I just bought a VPS yesterday. Only so much one can learn in a day


----------



## Abdussamad (Feb 11, 2015)

You basically have to give your server a "hostname". Usually this is subdomain.example.com where "example.com" is one of your domain names and "subdomain" is anything that you like. So first set the hostname under the hostname tab in solusvm. Then enter the same name (subdomain.example.com) for your IP's reverse DNS under the network tab.

Finally make sure that your A record for subdomain.example.com returns your IP address. This is called a forward lookup.

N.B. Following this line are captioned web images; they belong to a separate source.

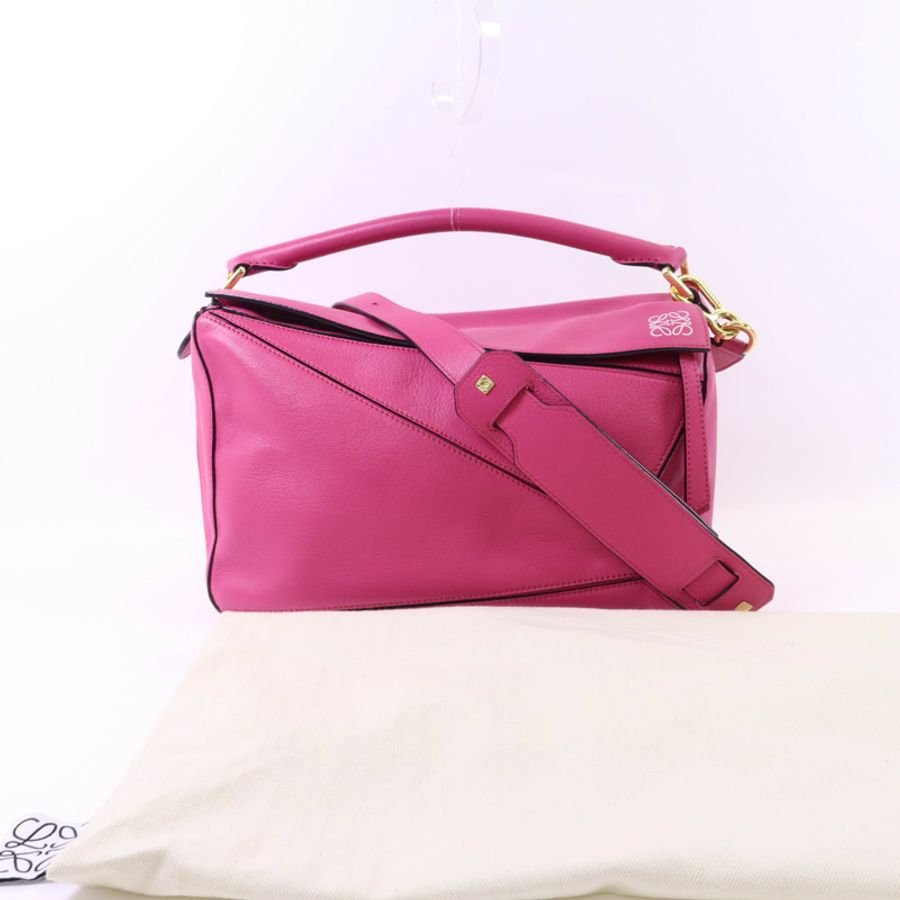 LOEWE 牛皮皮革Puzzle金扣手挽肩背兩用袋-11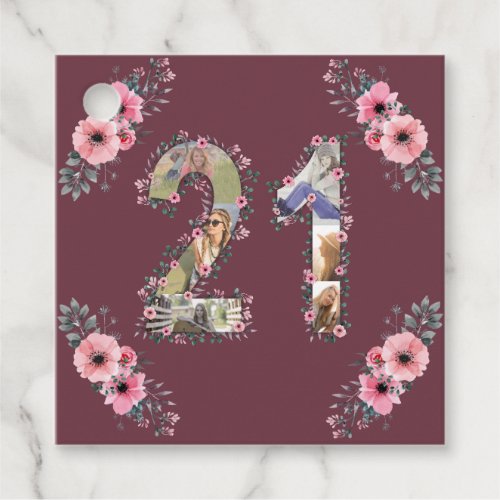 Photo Collage Big 21st Birthday Pink Flower Woman Favor Tags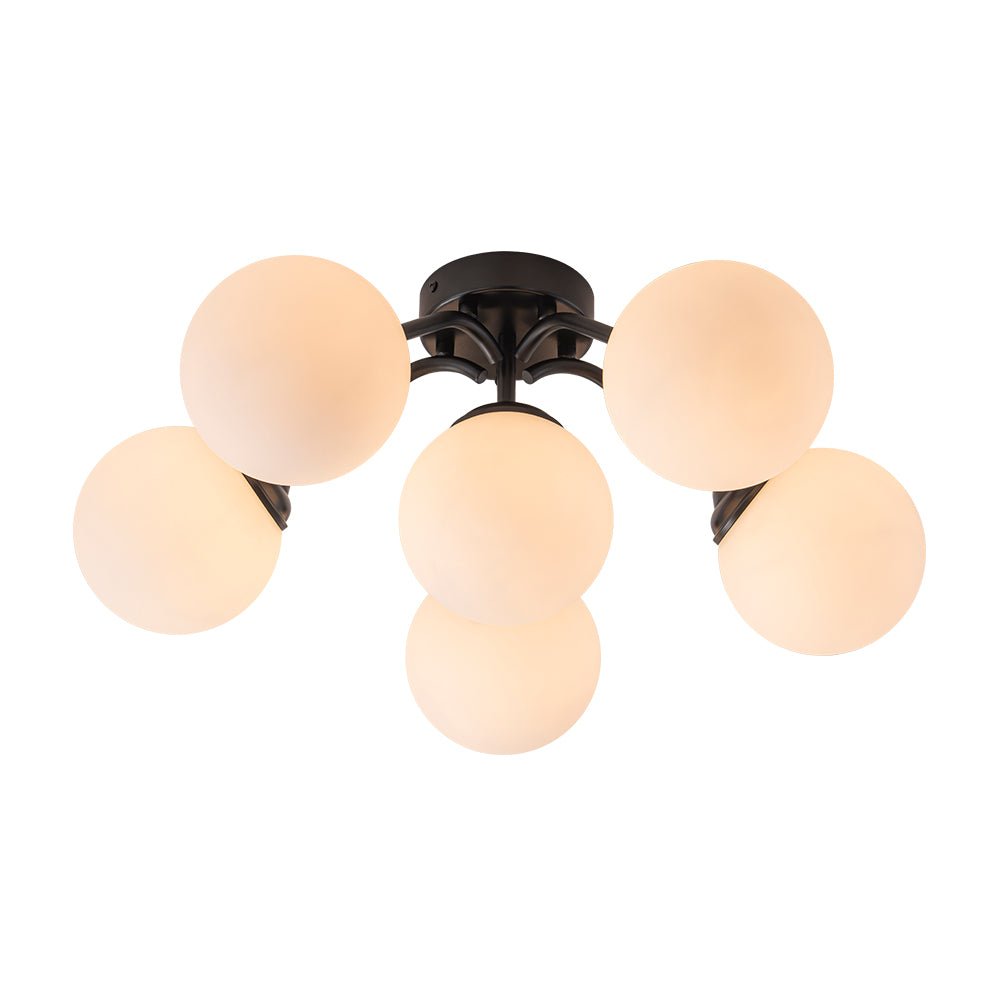 Püre Modern Brass Glass Semi Flush Chandelier - Lamp Copper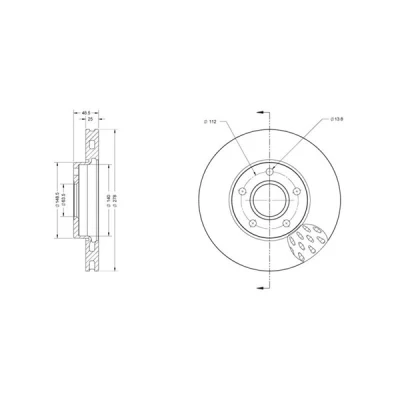 Kuva METZGER 6110668 Jarrulevyt Etuakseli 278 25 5 108 tuuletettu sisältä Lakattu, Ristiinhionta FORD: FOCUS 3 Turnier, 3, C Max 2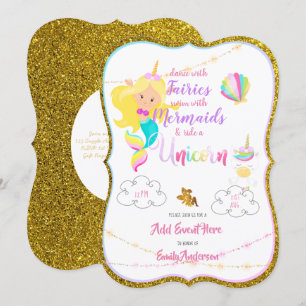 Fairy Mermaid Unicorn Invitations Gold Parties sci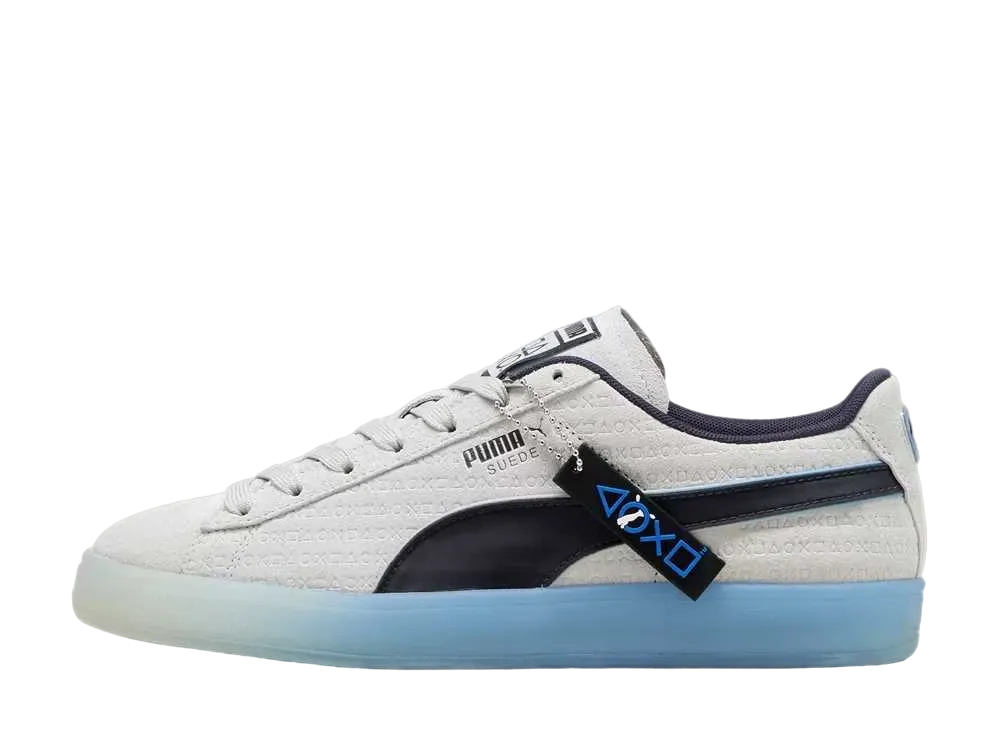 PlayStation × Puma Suede "Glacial Gray/New Navy"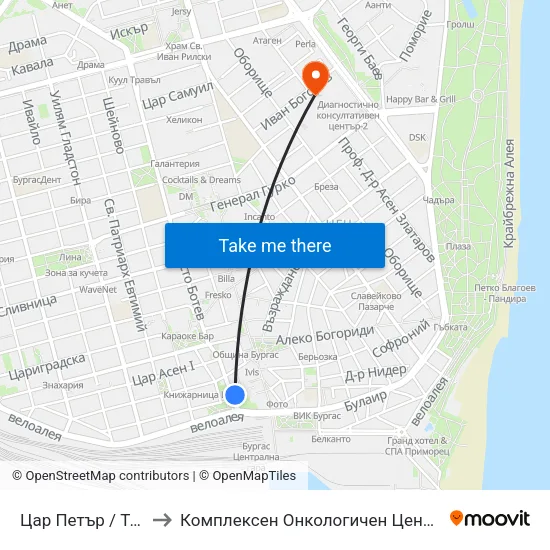 Цар Петър / Tsar Petar to Комплексен Онкологичен Център-Бургас Еоод map
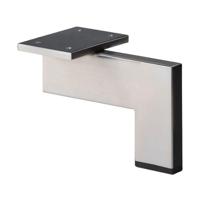 Stalen meubelpoot rvs look design 14 bij 1,5 cm en hoogte 12 cm (1,5 x 4 cm) - thumbnail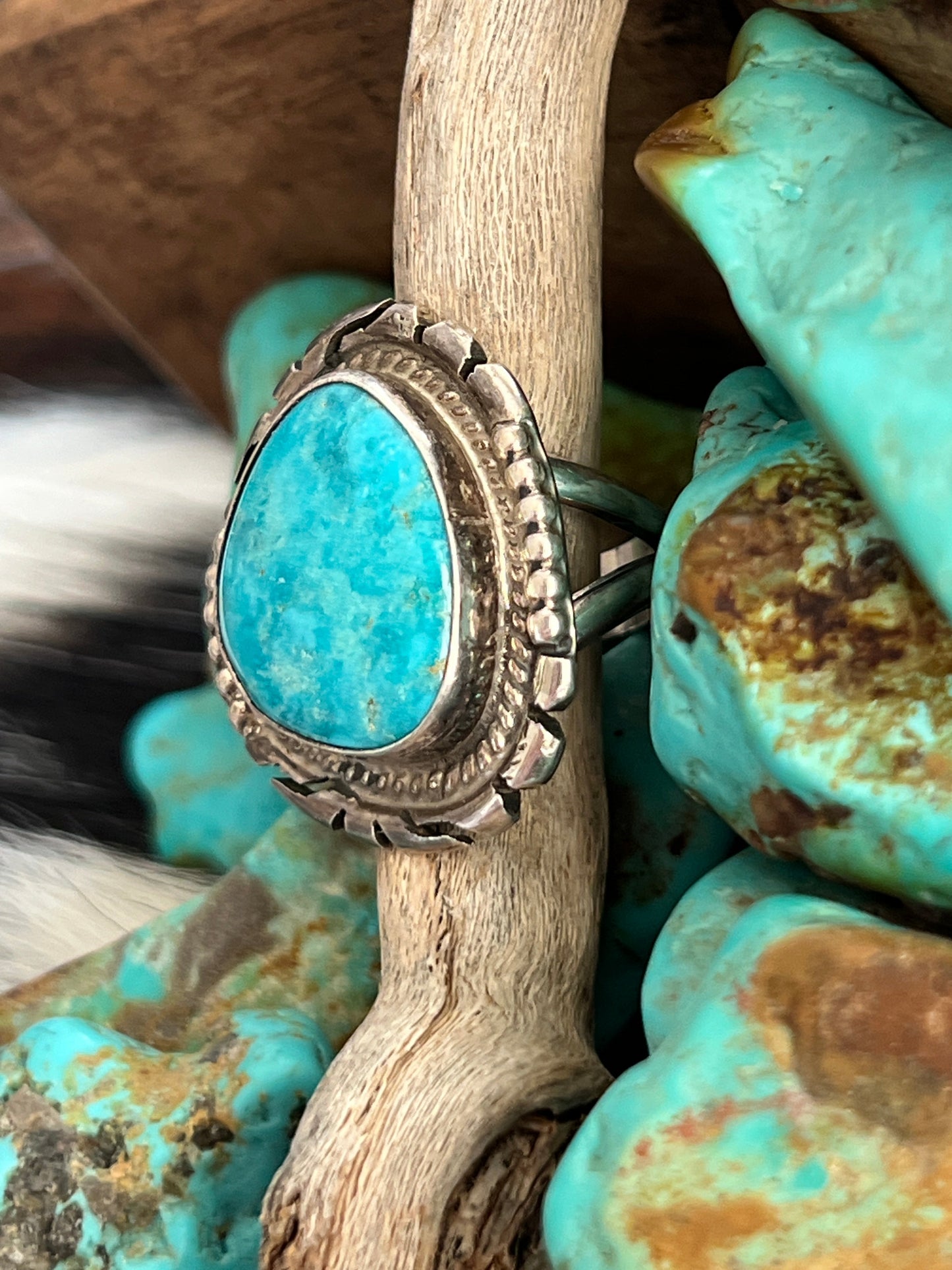Handcrafted Sterling Silver and Sonoran Turquoise Saw Cut Ring by Peggy Skeets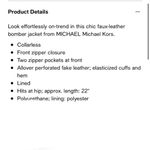 Michael Kors Like New Faux Leather Bomber Jacket Black Medium Photo 10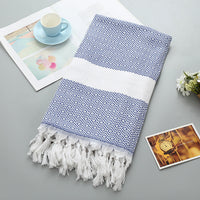 HKM-452371 Handmade Geometric Pattern Cotton Tassel Blanket Turkish Beach Towel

If you can't figure it out tell us the name of one of your domains and we'll guide you.


----------



## HalfEatenPie (Feb 12, 2015)

Muscularitalian said:


> Yes but what do I put in there when i click edit??? - i dont know where to find my rDNS info
> 
> I have 8 domain names, with one of them being the main
> 
> I think im missing something here lol


Well when you click on the link that says "Edit" a popup will come up.

Inside the popup will be a text field. You put your rDNS Entry in there. If it doesn't let you then that's because your DNS entry isn't configured yet to that IP (or the DNS entry is still propagating).

You're right there mate, haha. You're so close to it. Make sure your popup blocker isn't stopping the popup from coming up.


----------